Friday, August 7, 2009

Google Wave - a little more this time

Google Wave has been out for developers for a few weeks now, and I've been one of the fortunate ones to get a test trial of Wave. So far so good, but it's still majorly buggy.

Here's what Wave is, if you ask me: Email + IM + social networking + online collaboration + wiki + discussion groups + widgets, all into one interface, seamlessly integrated.

Why do I say seamlessly? It's because there isn't a separate screen estate for, say, chat and email - you do everything from one sub-window.

Here's a blurred censored screenshot of the Wave interface (you can see the video posted here, which was on day 2 of the Google I/O conference - I only watched 15 minutes of it and started to drool).

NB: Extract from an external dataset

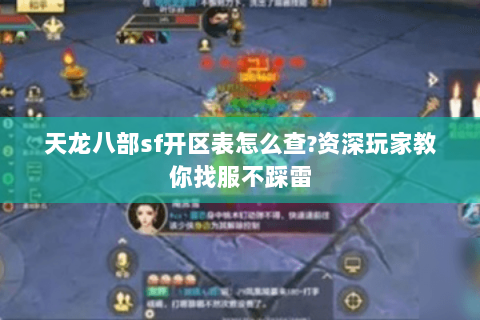 天龙八部sf开区表怎么查?资深玩家教你找服不踩雷 天龙八部sf开区表怎么查?资深玩家教你找服不踩雷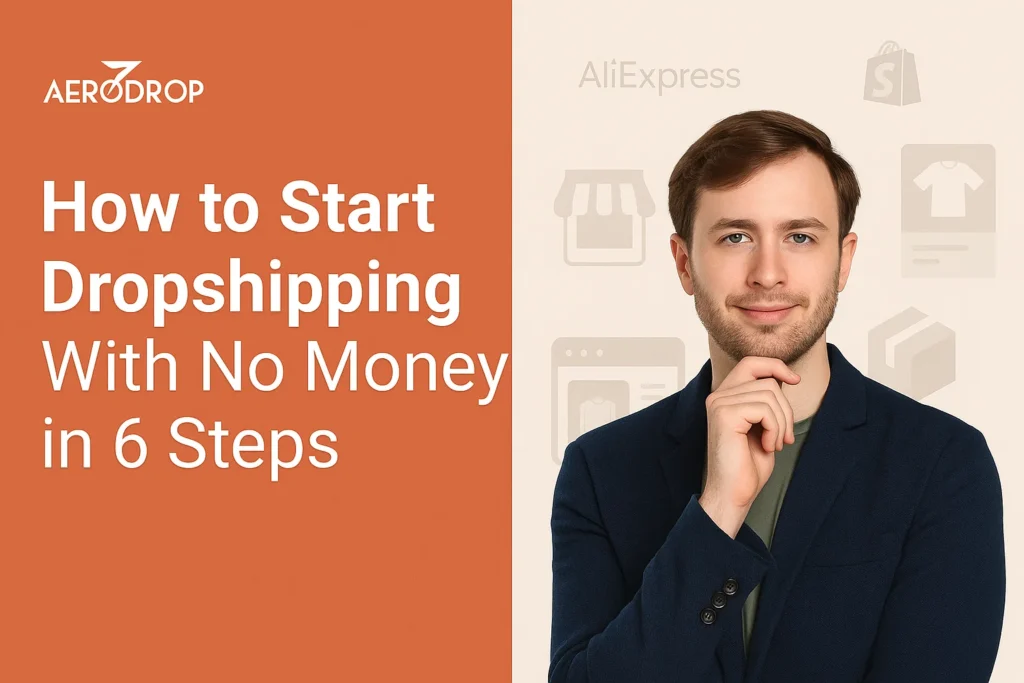 How to Start Dropshipping With No Money in 6 Steps How to Start Dropshipping With No Money in 6 Steps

Here, you can see the interface shown in the I/O video above - except there are a few advancements (such as bug fixes et al), but what's so special?

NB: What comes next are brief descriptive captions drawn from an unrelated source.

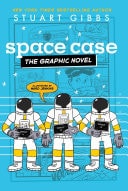 Book cover of Space Case the Graphic Novel by Gibbs, Stuart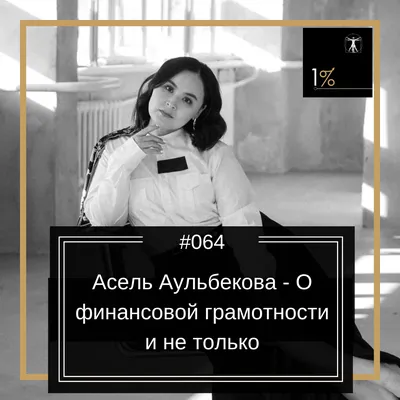 Асель Аульбекова - О финансовой грамотности и не только (#64) - Подкаст  "Один процент (1%)" | Личностный Рост | Здоровье | Продуктивность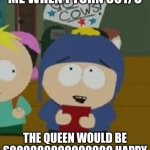 Craig Would Be So Happy | ME WHEN I TURN 30Y/O; THE QUEEN WOULD BE SOOOOOOOOOOOOOOO HAPPY | image tagged in craig would be so happy | made w/ Imgflip meme maker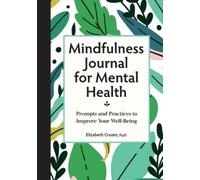Elizabeth Cronin PsyD Mindfulness Journal for Mental Health (Tascabile)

It can replace conventional email - not only does it have Gmail's threaded view (conversation view), it also has a contact list with which you add "participants" into your wave (recipients, in other words).

Now others can invite others (although I think in the future, this'll be an option later on to remove participants) so your wave can turn into a tsunami with a multitude of authors and what-not.

Look at the bottom-right: you see tags. There are also folders here - but they act as labels (as in, they're more like the "add label and archive" format, cause you can see them if you click on "All". History and Settings don't work (yet).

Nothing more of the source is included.